Would you please copy all of the data exactly, skipping the images?

**DATA PROVIDED:**
----------
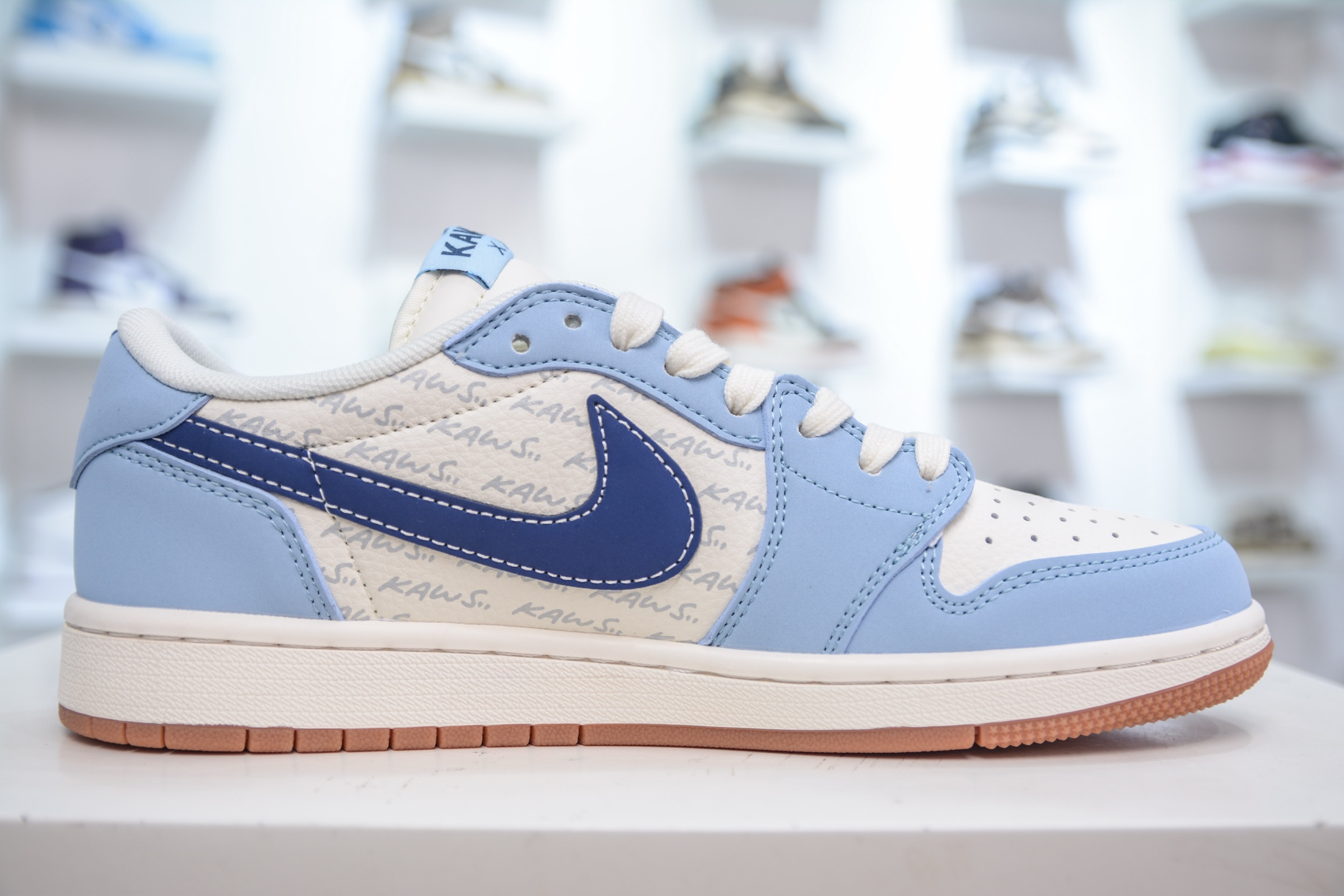 TS x Air Jordan x Kaws AJ1 Low White Blue 3 i1750859459895 1033 0 2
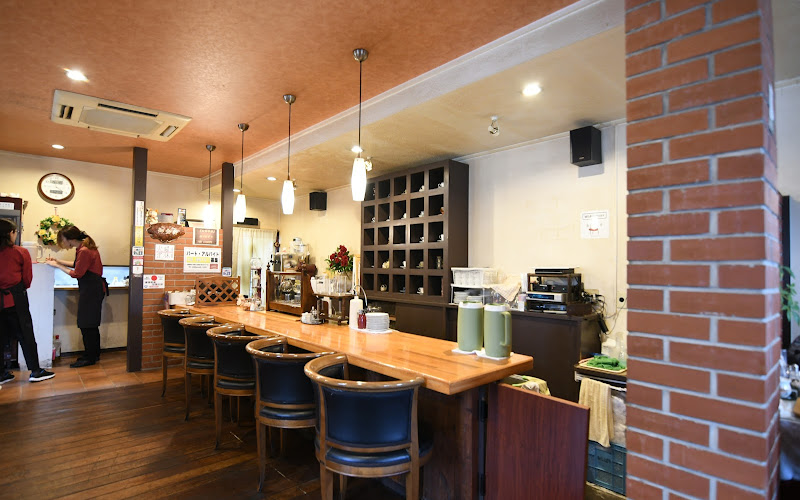 크레용 함박스테이크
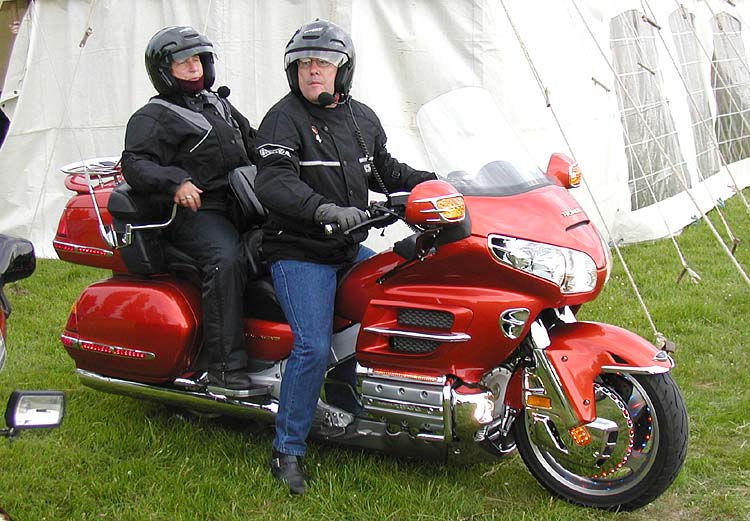 File:GoldWing.jpg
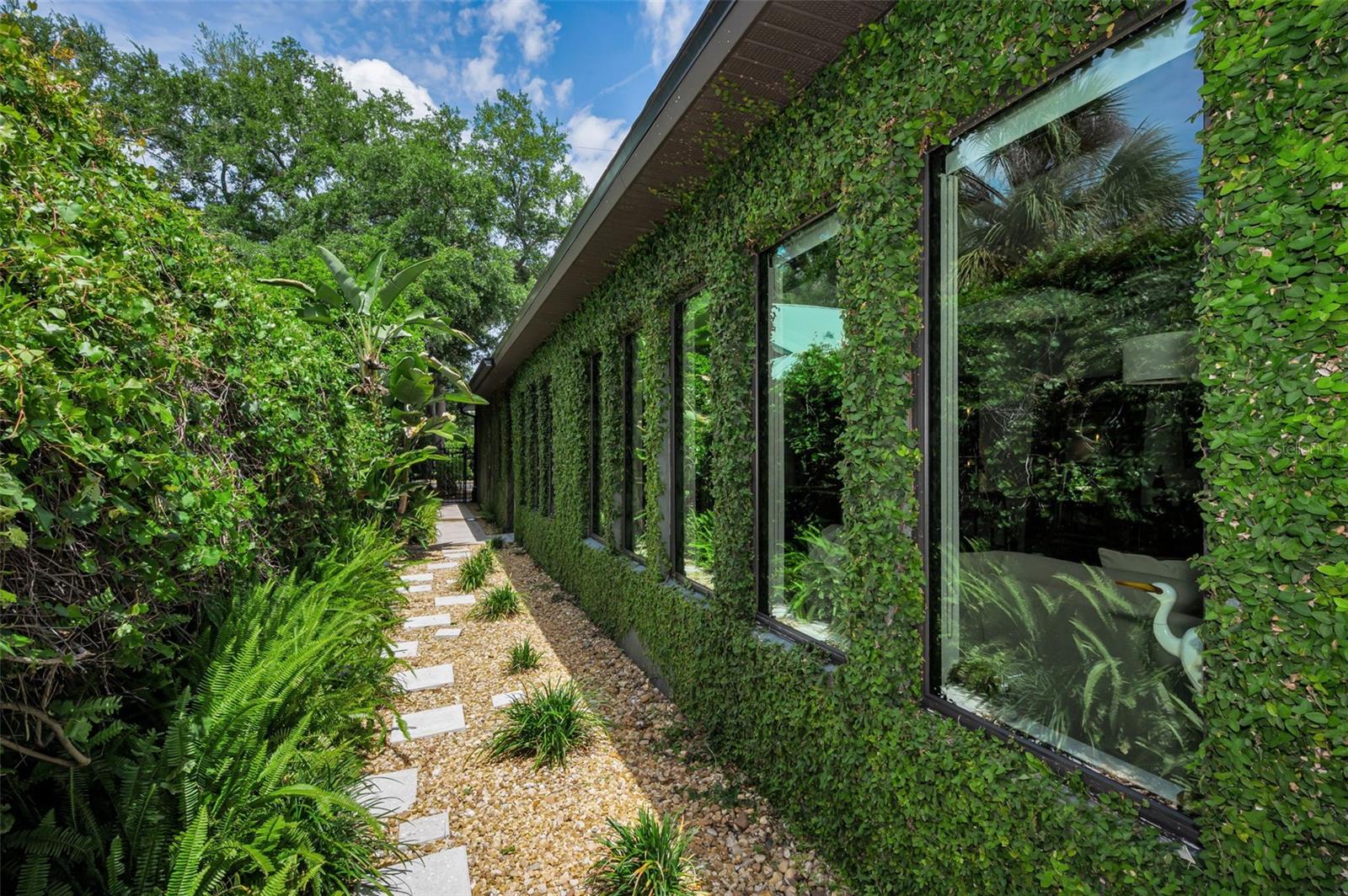 Listing photo id 47 for 404 Marshall Street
----------
**RESPONSE AREA:**
 TS x Air Jordan x Kaws AJ1 Low White Blue 3 i1750859459895 1033 0 2
 크레용 함박스테이크
 File:GoldWing.jpg
 Listing photo id 47 for 404 Marshall Street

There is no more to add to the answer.